KANSAS CITY, Kan. — Students at Wyandotte High School just learned their ABCs to help save lives.
A) Alerting 911
B) Finding where someone is bleeding
C) Compressing
They're the ABCs of what to do when someone gets in a wreck, is shot or stabbed.
"Has anybody been hurt? Yeah? Hands?" said the Brooke Haller, a nurse from the University of Kansas Health System.
More than a few students know about that stuff, but many don't know what they can do about it.
Students learned where and how to apply a tourniquet by practicing on each other, and how to pack a wound.
"Helping people, in general, is something I've always wanted to do because of how much stuff happens around here," sophomore Lenny Salazar said.
Real life for these students is hearing gunshots every night, Salazar said or witnessing someone bleeding in the street.
"It's a lot of violence and you can be that helping hand if you're right there," said sophomore Keshon Henderson.
The training is a start at impacting the bigger picture said the school's college and career academy facilitator Robert Hofmann.
"If we're going to change Wyandotte County, if we're gonna move the economic needle and how and what families are earning in Wyandotte County, these are the students to do it," Hoffman said.
The goal is to get more funding so that every student at Wyandotte High can take home a tourniquet kit and equip each classroom should the worst happen.
"Probably my eighth-grade year, we were coming home from school, car pulls up and starts shooting. Some of my friends got shot," said Salazar.
He went through it when he was just 14 years old.

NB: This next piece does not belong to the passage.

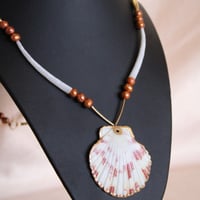 Image 4 of Golden shells necklace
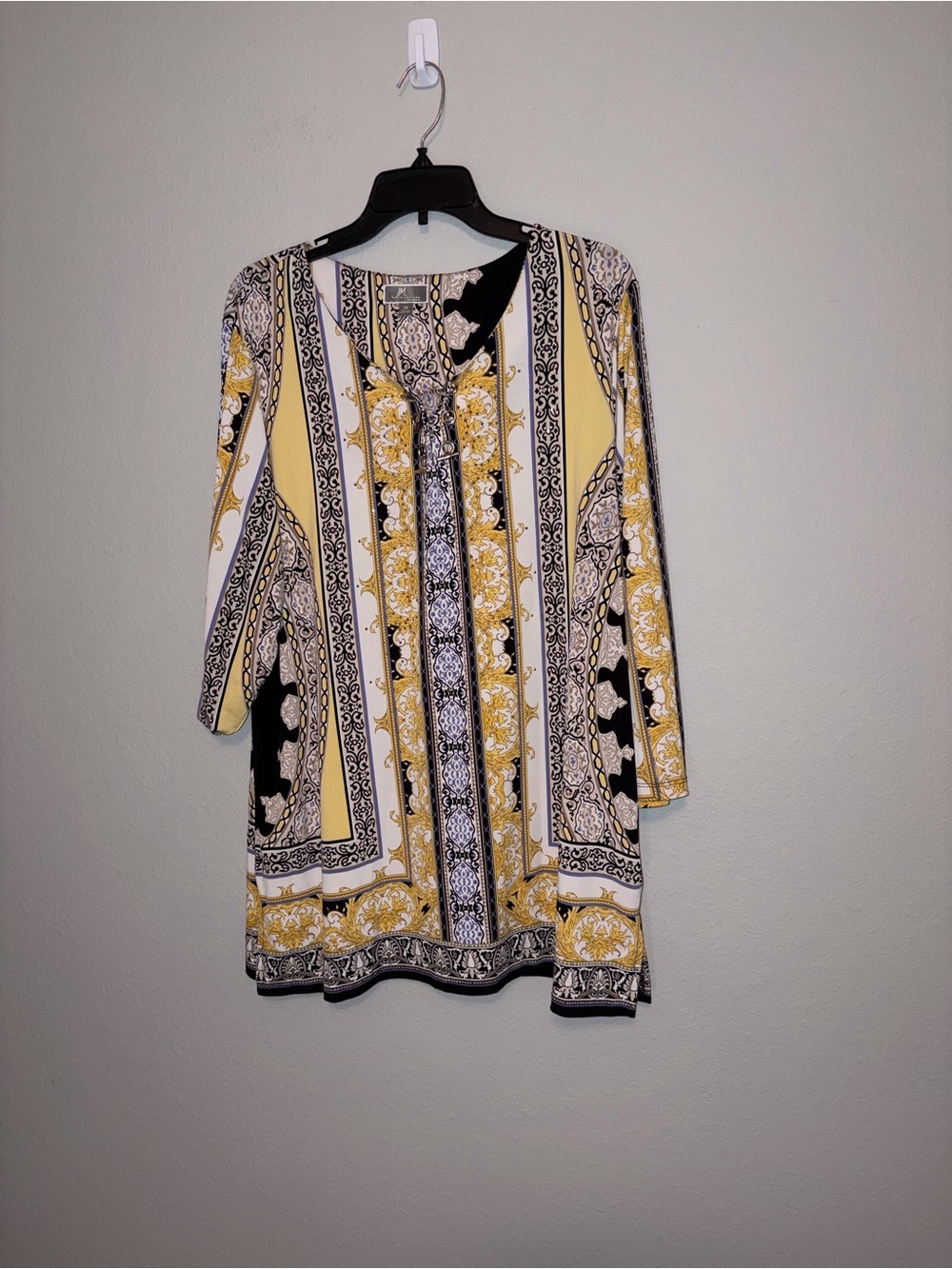 JM Collection Tunic Studded Top Size 2X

"We've all seen a movie somewhere where you got to put pressure on it, so that's basically what we did," Salazar said. "We just kind of took off our shirts, wrapped it and tried to apply pressure until the ambulance came."
Now Salazar aspires to be a paramedic.
Henderson is trying to decide between a pediatric nurse and a traveling physical therapist.
She says there was a shooting recently at a party, and no one stopped to help the kids who got shot.
"I like to think of it as, how would a parent feel if their child could have been helped but wasn't helped?" Henderson said.
The nurses said they were surprised that no other high schools were interested in participating in Stop the Bleed.
"High school students make the difference. They are very creative, they are very thought-provoking, we just have to get them that chance," said Hoffman.
To sign your school up for Stop the Bleed training, email Brooke Haller at bhaller@kumc.edu.
Editor's note: A previous version of this story said Wyandotte County High School was the first in the metro to receive this training. Fort Osage High School in Independence had actually participated prior to Wyandotte County. The story has been updated.